Employment lawyers received disappointing news last week with the decision of the Court of Appeal to dismiss Unison’s claim seeking to overturn the Employment Tribunal Fees regime. Lord Justice Underhill stated that Unison would need to provide concrete evidence that the reduction in the number of claims issued was due to the updated fee scheme. This decision, and reasoning, was met with incredulity by commentators; particularly given the significant reduction in the number of claims since the introduction of fees in July 2013. Given this dramatic decrease in the number of claims many hoped that the overall evidence would be seen to speak for itself. The Court was “tempted” by this argument but failed to make the necessary causal connection that is apparent to many.

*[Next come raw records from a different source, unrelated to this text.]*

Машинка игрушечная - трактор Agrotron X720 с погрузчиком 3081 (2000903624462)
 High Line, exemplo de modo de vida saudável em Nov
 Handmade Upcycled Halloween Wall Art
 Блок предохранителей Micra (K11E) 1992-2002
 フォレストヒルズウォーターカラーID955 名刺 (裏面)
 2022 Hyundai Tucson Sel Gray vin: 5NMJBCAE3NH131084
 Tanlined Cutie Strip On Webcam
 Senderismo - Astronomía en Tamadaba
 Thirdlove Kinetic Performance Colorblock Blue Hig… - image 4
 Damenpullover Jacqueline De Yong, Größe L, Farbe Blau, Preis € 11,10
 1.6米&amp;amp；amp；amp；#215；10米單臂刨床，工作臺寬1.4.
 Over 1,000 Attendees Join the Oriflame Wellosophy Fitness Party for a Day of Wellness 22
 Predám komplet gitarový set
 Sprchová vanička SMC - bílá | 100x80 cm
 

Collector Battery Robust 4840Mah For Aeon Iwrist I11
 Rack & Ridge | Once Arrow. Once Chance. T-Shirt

The promised review of fees was, of course, mentioned by Lord Justice Underhill: "The fact that the evidence put before this court has not satisfied me that there has been a breach of the effectiveness principle should not, and I am sure will not, preclude the Lord Chancellor from making his own assessment, on the basis of the evidence to which he will have access, on… the decline in the number of claims in the tribunals following the introduction of the Fees Order is sufficiently startling to merit a very full and careful analysis of its causes; and if there are good grounds for concluding that part of it is accounted for by claimants being realistically unable to afford to bring proceedings the level of fees and/or the remission criteria will need to be revisited." As has been noted in a previous blog many working in employment law have significant doubts about the scope of the proposed review and the assumptions being made when entering into it. Whether the comments by Lord Justice Underhill will have any bearing on the review is another matter, though some may consider that little hope can be held out when considering the Government’s track record on review and consultations within the legal sector.
The good news is that the claim will be taken to the Supreme Court and that evidence appears to be being gathered from people who have not brought claims solely due to the fees. Many employment lawyers remain optimistic that common sense will prevail and that the unjust fees regime will, at the least, be substantially amended.